I WILL respond right away to your many translations of "eternity past" . . . it is whatever God's eternity is . . . past. As endless back as lies before. An eternal progression of ages. Unless you believe God had a beginning?
Yes, I think the translators struggled with that . . . eternal . . . forever past, which is a mind boggling concept. "Time immemorial" would be a good stab. Certainly a item bigger than recorded history.
I have said this before, so hopefully now you can respond.
I will see if I can chip away at the rest. Maybe YOU can chip away at some of my comments posted during your vacation . . . at Yosemite :-)
"Scarlett: "That aiónion, does not mean endless or eternal, may appear from considering that no adjective can have a greater force than the noun from which it is derived. "
Now we have addressed that, over and over, Jack. So . . . at least humor me an acknowledge that.
"Time" is a noun . . . "Timeless" is an adjective . . . instant adjective completely different in force. "Pity" and "Pitiful" we have discussed. In fact, we went to great lengths to point out that "eternal" comes from a Latin word meaning "age".
Nathaniel Scarlett "was a member of the Universalist church founded by Elbanen Winchester . . . " So . . . he had an ax to grind. Statements like that are, well, ignorant. I am sorry.
Maclaine, in his Mosheim: Aión or æon among the ancients, was used to signify the age of man, or the duration of human life."
Please limit your comments to aionios . . . we all acknowledge that aion can mean "a specific age with a clear start and an end". Can . . . although it doesn't have to. I allege aionios never means anything other than "forever" or "eternal". So let's deal with that.
Cruden: "The words eternal, everlasting, forever, are sometimes taken for a long time, and are not always to be understood strictly, for example, 'Thou shalt be our guide from this time forth, even forever,' that is, during our whole life."
Why just limited to life? He is our guide on into endless eternity . . . isn't He?
Alex. Campbell: "ITS RADICAL IDEA IS INDEFINITE DURATION."
AMEN!!! What an awesome, radical concept. Along with a host of other radical concepts the Bible presents . . . things that blow man's small, sin wrenched mind.
For the record, he founded what became the "Church of Christ" . . . and they definitely believe in eternal hell . . .

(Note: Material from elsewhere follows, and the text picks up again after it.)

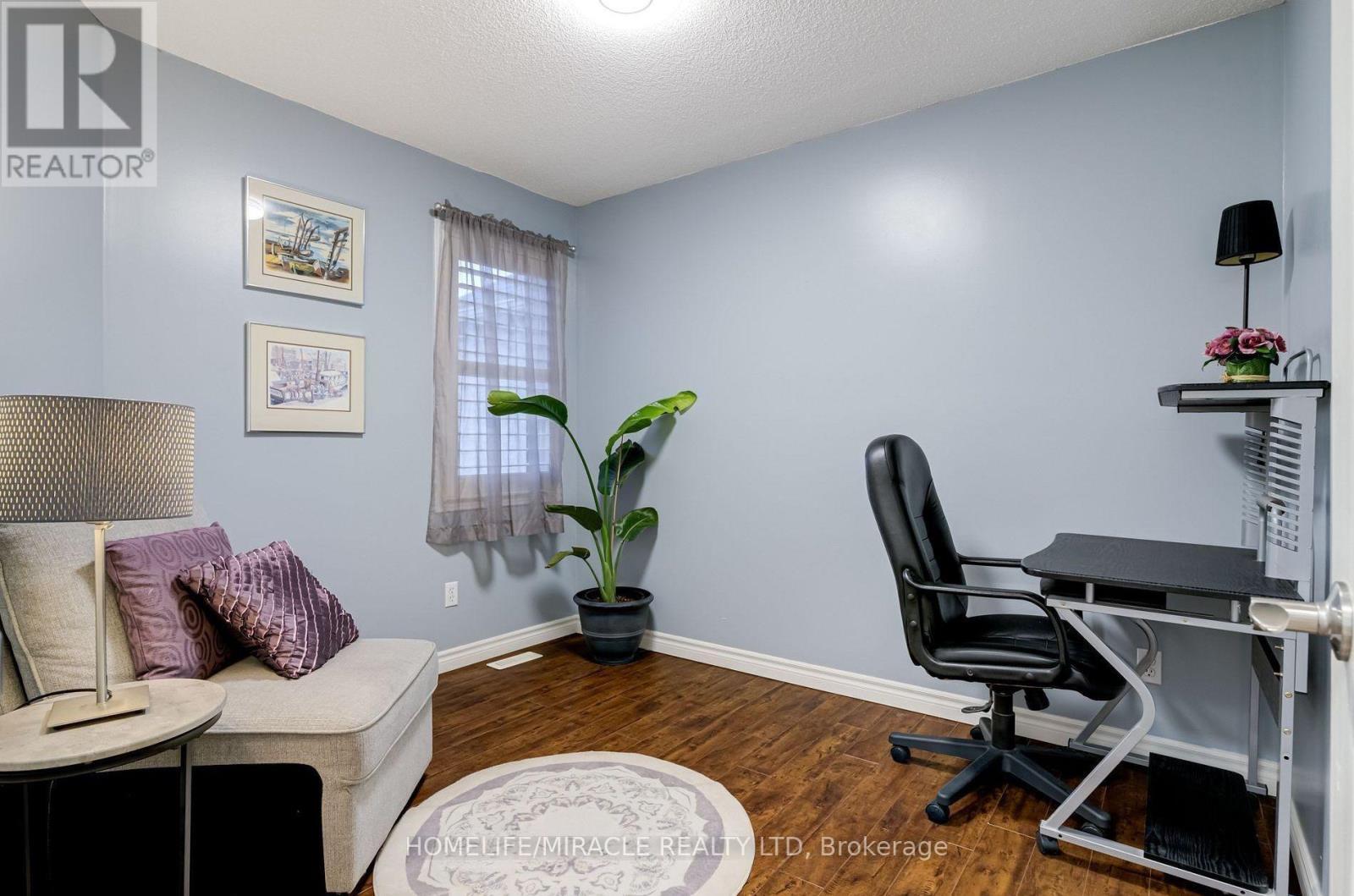5840 Raftsman Cove, Mississauga, ON - Indoor Photo Showing Office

"Whitby: "Nothing is more common and familiar in Scripture than to render a thorough and irreparable vastation, whose effects and signs should be still remaining, by the word aiónios, which we render eternal."Hammond, Benson, and Gilpin, in notes on Jude 7, say the same."
I must wade through the copy and paste :-) I am presuming you yourself did not pen these . . . or? If I deal with each one, will you forgo dumping them in the future?
"vengeance of eternal fire" - Jude 7 . . . we have dealt with that. That judgement was "forever" . . . continues to this day in a physical sense, and will continue for eternity . . . and the people that fell there continue on in eternal hell.
Strange that Whitby would quote Ezekiel 26:20-21 to help him . . . that clearly is talking about the pit . . . the pit of hell. Tyre - like Sodom - has some heavy eternal linkings . . . as you well know, the "King of Tyre" suddenly becomes a nickname for the devil (Ezekiel 28)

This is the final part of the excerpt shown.